Russian companies and scientific think tanks have earned top rankings in the Europe subdivision
This article originally appeared at Marchmont
Thomson Reuters has recently published its new report on the key trends in global tech innovation development for the past decade, called The Future Is Open: 2015 State of Innovation.
To define the trends, the international company computed the number of patents registered and scientific articles published for twelve of the world’s most significant economic sectors. According to the analysts, Russian companies and scientific think-tanks were active in the past decade in innovation and have earned top rankings in the Europe subdivision.
For example, Tatneft, a sizable oil producer in the region of Tatarstan, in the mid-Volga area, ranks number one among its European competitors in the Oil & Gas section ahead of Shell Oil.
In Aerospace & Defense, two Russian companies are among Europe’s top five innovators.
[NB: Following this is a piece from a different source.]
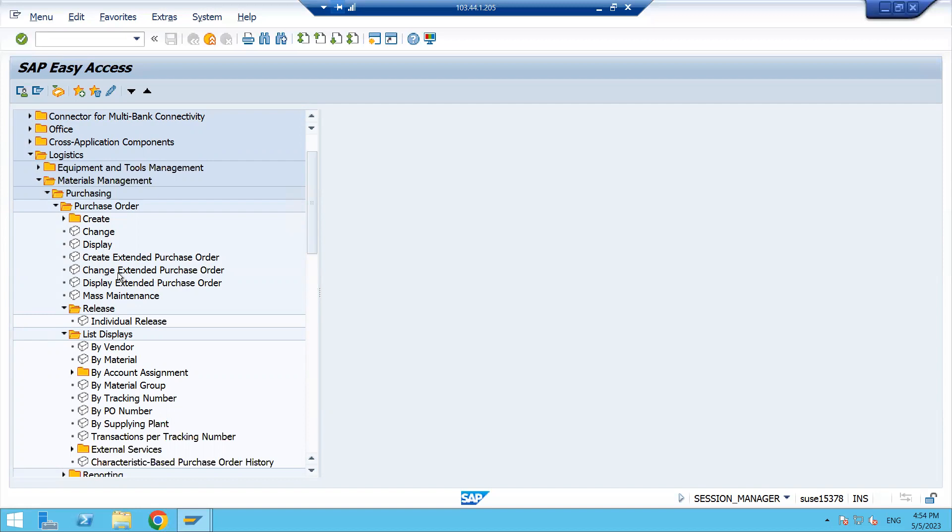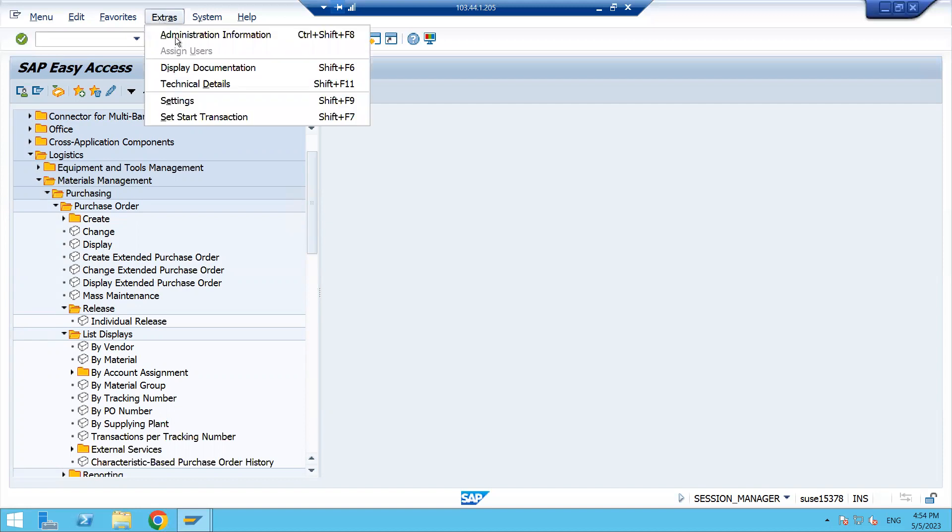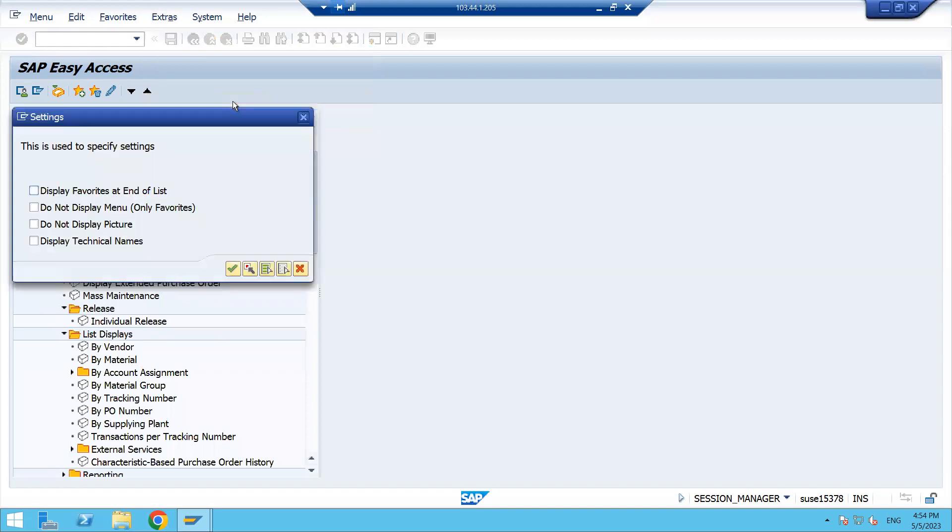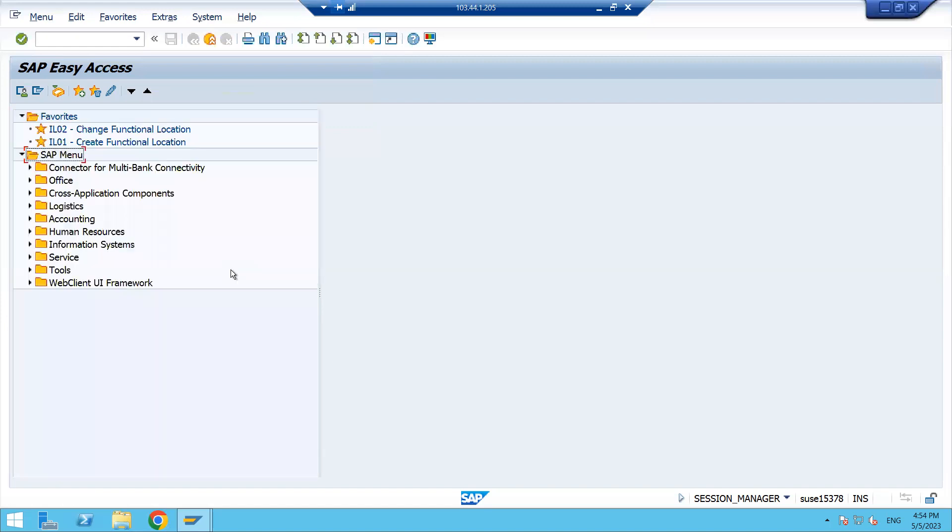If you want to know the technical names, it's very simple. Click on the Extra tab, then go to Settings. Here you'll find the option 'Display Technical Names' - just flag it and click Continue.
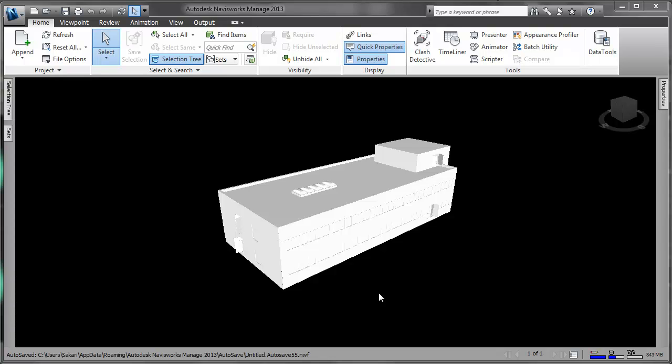You might have noticed that most of the IFC files are imported gray into the Navisworks. It doesn't actually mean that you couldn't use the IFC Colors in Navisworks. It simply means that Navisworks is unable to read colors from IFC in their current form.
One is Energiya Rocket (second place with 103 inventions); the other is Information Satellite Systems Reshetnev (fourth place with 52 inventions).
In Food, Beverages & Tobacco, the Kuban State University of Technology in Russia’s South ranks second.
The Semiconductors section features no company from Russia; however, the Russian Academy of Sciences has earned an honorable second place among think-tanks with 3,574 scientific articles indexed at Web of Science between 2004 and 2014. Our academicians are only second to their Chinese colleagues in this respect.
Overall, the authors of this comprehensive study emphasized the rapid advancement of what’s widely known now as “open innovation,” which is close collaboration in the development of new technologies between research organizations (as developers) and corporate market players (as customers).